But the effort to renew TPA has been anything but easy. Opposition from Democrats in Congress has been a major obstacle. Only 21 House Democrats voted for TPA last December (the measure squeaked through by one vote). And in the Senate Tom Daschle, South Dakota Democrat, is holding the bill hostage to demands over health‐care benefits for displaced workers.
It gets worse. Now members of the president’s own party are threatening to wreck TPA with a killer amendment. If this “poison pill” is included in the bill, there is no point in passing it. Negotiating major trade deals will be impossible.
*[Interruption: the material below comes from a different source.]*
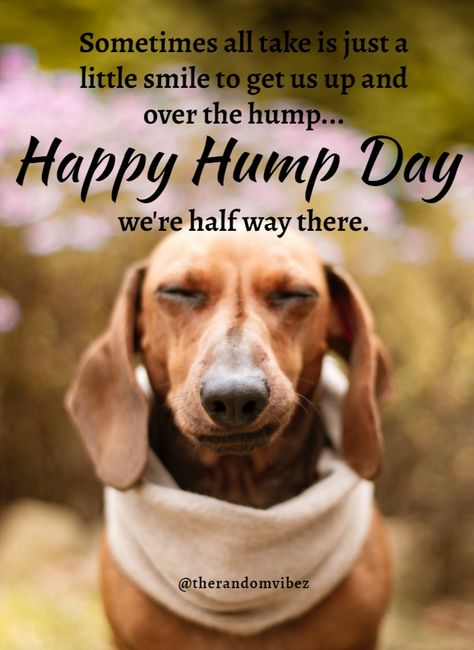 Happy Hump Day Quotes, Hump Day Motivation, Happy Hump Day Funny Hilarious, Happy Humpday Funny, Wednesday Hump Day Humor, Happy Hump Day Funny, Hump Day Humor Wednesday, Happy Hump Day Wednesday, Hump Day Gym Quotes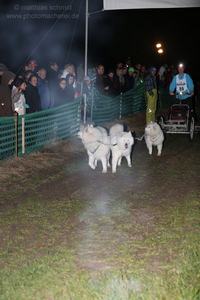 2013_11_01_schlittenhunderennen_104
Under the amendment, provisions of trade agreements that make any changes to U.S. trade remedy laws — in particular, the antidumping law — would be stripped out and denied fast‐track procedures. While the rest of the agreement would be voted on up‐or‐down in one package, the provisions on trade laws would be considered separately and subject to line‐by‐line tinkering from 535 U.S. trade representatives, i.e., Congress. The sponsors of this amendment are Sen. Larry Craig, Idaho Republican, and Sen. Mark Dayton, Minnesota Democrat; a number of Republican senators have joined Mr. Craig as co‐sponsors.
The amendment is a deal killer. Whatever you think of U.S. trade remedy laws, the fact is that we won’t be able to get new market‐opening agreements in either the World Trade Organization or the Free Trade Area of the Americas without some changes in current antidumping rules. Dozens of countries are demanding those changes, and they won’t sign any deal if U.S. negotiators aren’t in a position to offer them.
Consequently, voting for this amendment is indistinguishable from voting against TPA. The effect is the same: no progress in knocking down trade barriers around the world.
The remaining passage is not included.